* [What the task requires]:
Copy exactly. Begin at the line containing "of Defense, or" and stop at the last line of the entries, omitting any pictures.

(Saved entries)
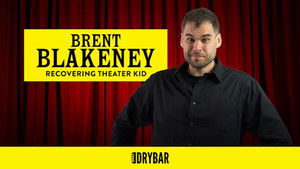 Brent Blakeney: Recovering Theater Kid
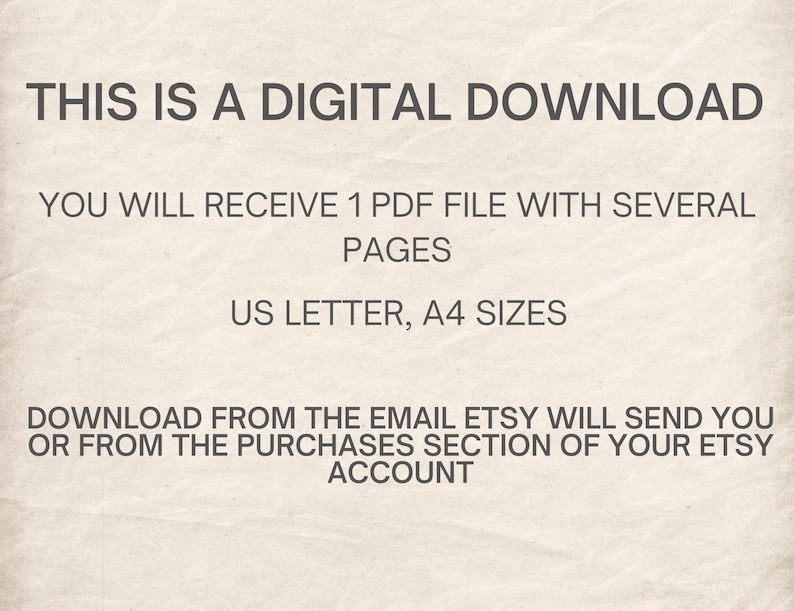 May include: A beige background with text stating "THIS IS A DIGITAL DOWNLOAD." The text explains the buyer will receive a PDF file with several pages in US Letter and A4 sizes. Download instructions are also provided.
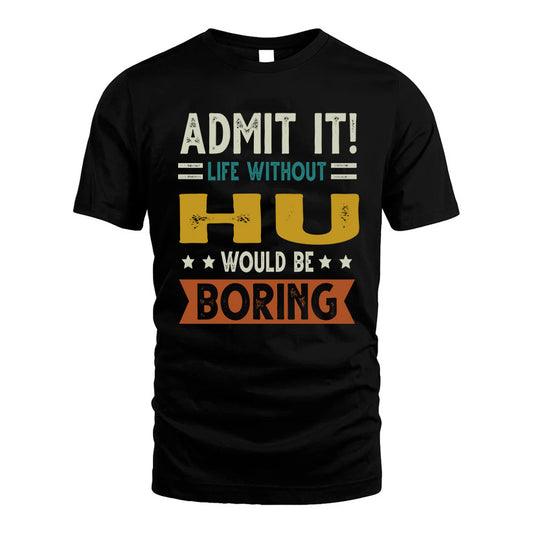 HU HH88-K2–Personalized Funny Quote Apparel “Life Without NAME Would Be Boring”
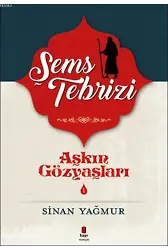 Şems Tebrizi 1; Aşkın Gözyaşları 1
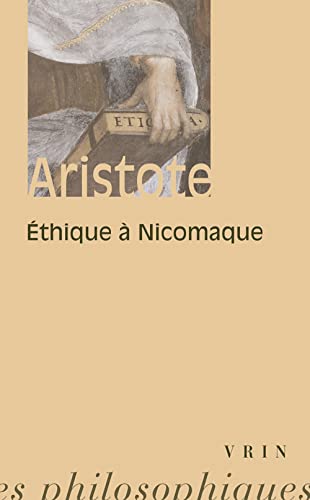 Aristote: Ethique a Nicomaque (Bibliotheque Des Textes Philosophiques) von Librarie Philosophique J. Vrin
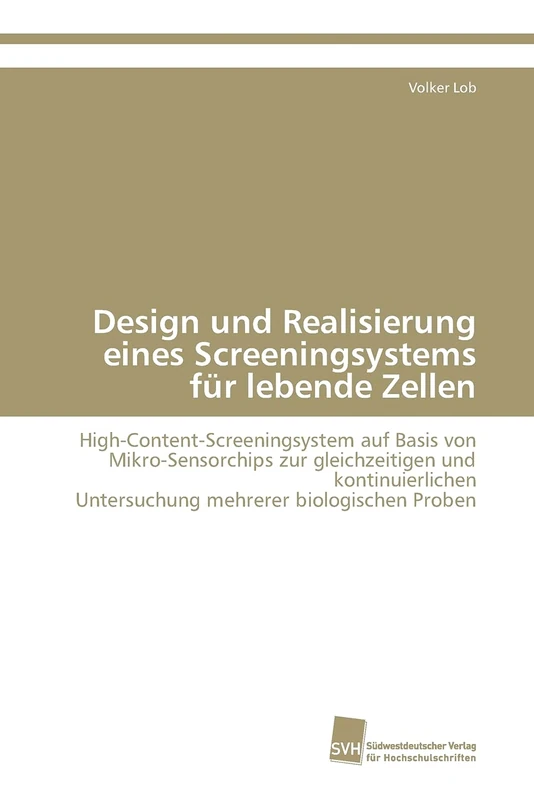 Design und Realisierung eines Screeningsystems für lebende Zellen: High-Content-Screeningsystem auf Basis von Mikro-Sensorchips zur gleichzeitigen und ... Untersuchung mehrerer biologischen Proben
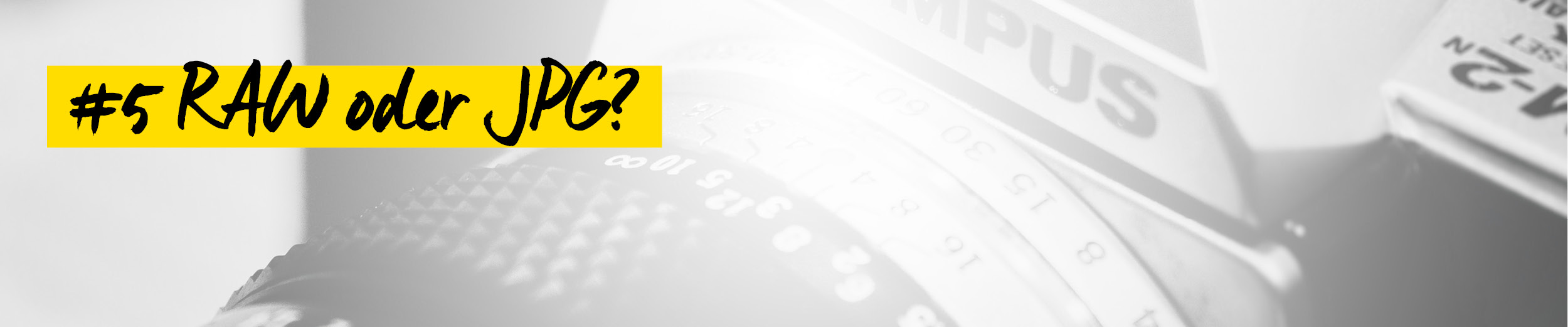 Wie fotografiere ich richtig - Raw Header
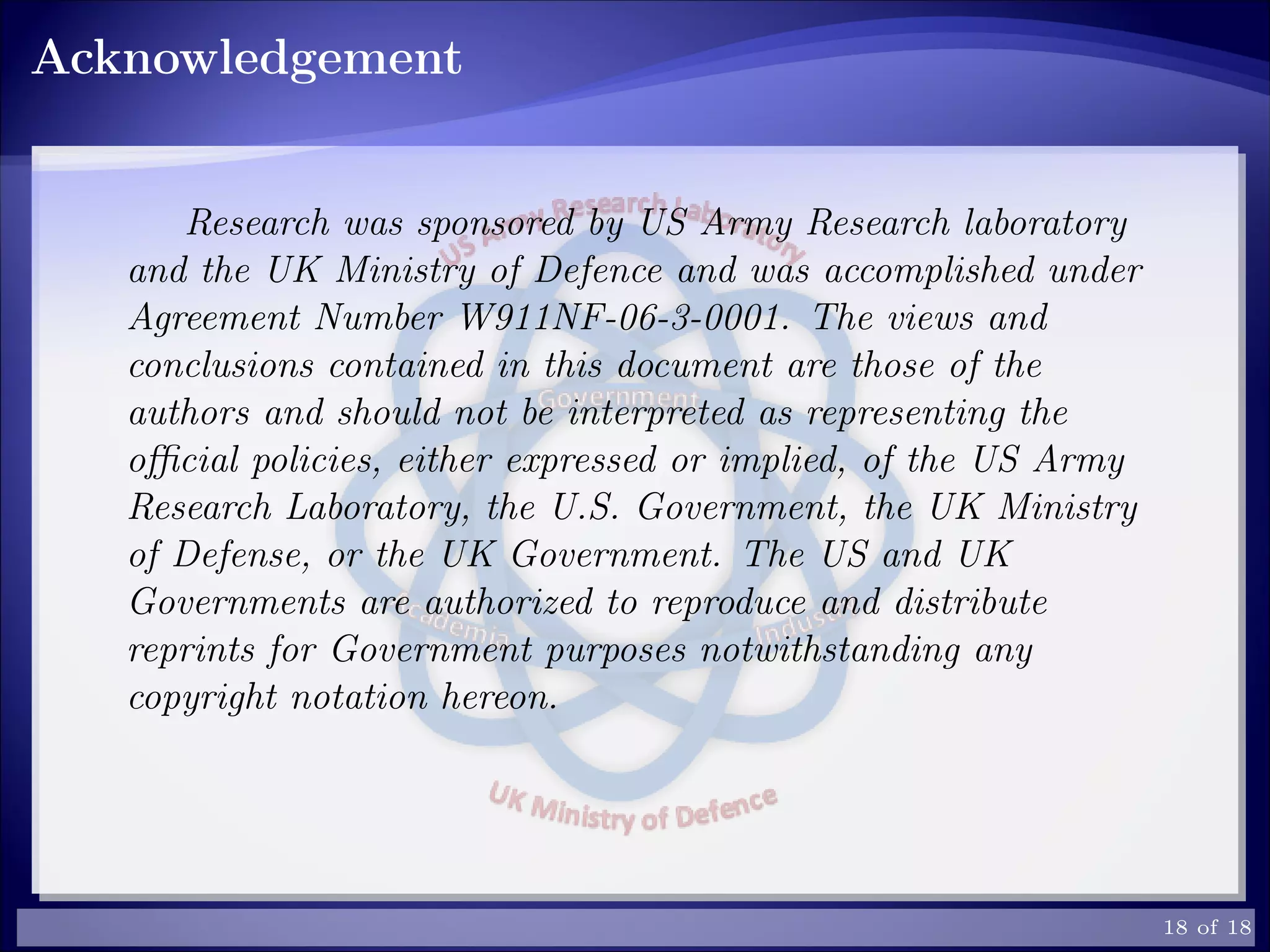 Acknowledgement
Research was sponsored by US Army Research laboratory
and the UK Ministry of Defence and was accomplished under
Agreement Number W911NF-06-3-0001. The views and
conclusions contained in this document are those of the
authors and should not be interpreted as representing the
oﬃcial policies, either expressed or implied, of the US Army
Research Laboratory, the U.S. Government, the UK Ministry
of Defense, or the UK Government. The US and UK
Governments are authorized to reproduce and distribute
reprints for Government purposes notwithstanding any
copyright notation hereon.
18 of 18
 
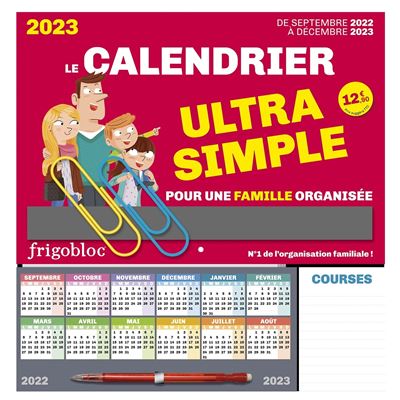 Frigobloc Le calendrier Ultra Simple pour une famille organisée ! (de sept. 2022 à déc. 2023)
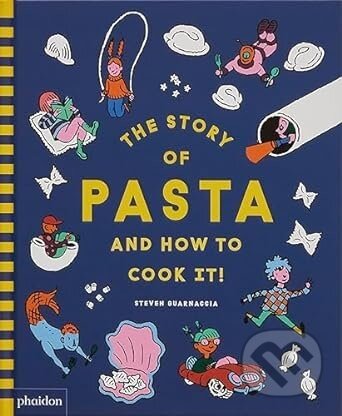The Story of Pasta and How to Cook It! - Steven Guarnaccia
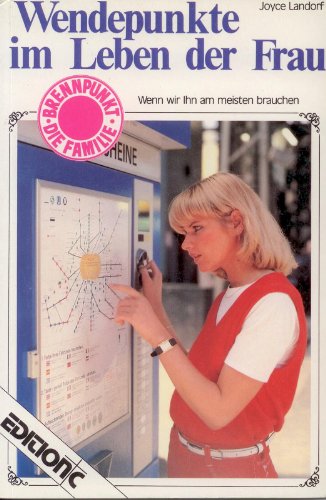 Preisvergleich Produktbild Wendepunkte im Leben der Frau (Edition C - Brennpunkt: Die Familie)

* [Response]:
of Defense, or the UK Government. The US and UK
Governments are authorized to reproduce and distribute
reprints for Government purposes notwithstanding any
copyright notation hereon.
18 of 18
 
 Frigobloc Le calendrier Ultra Simple pour une famille organisée ! (de sept. 2022 à déc. 2023)
The Story of Pasta and How to Cook It! - Steven Guarnaccia
 Preisvergleich Produktbild Wendepunkte im Leben der Frau (Edition C - Brennpunkt: Die Familie)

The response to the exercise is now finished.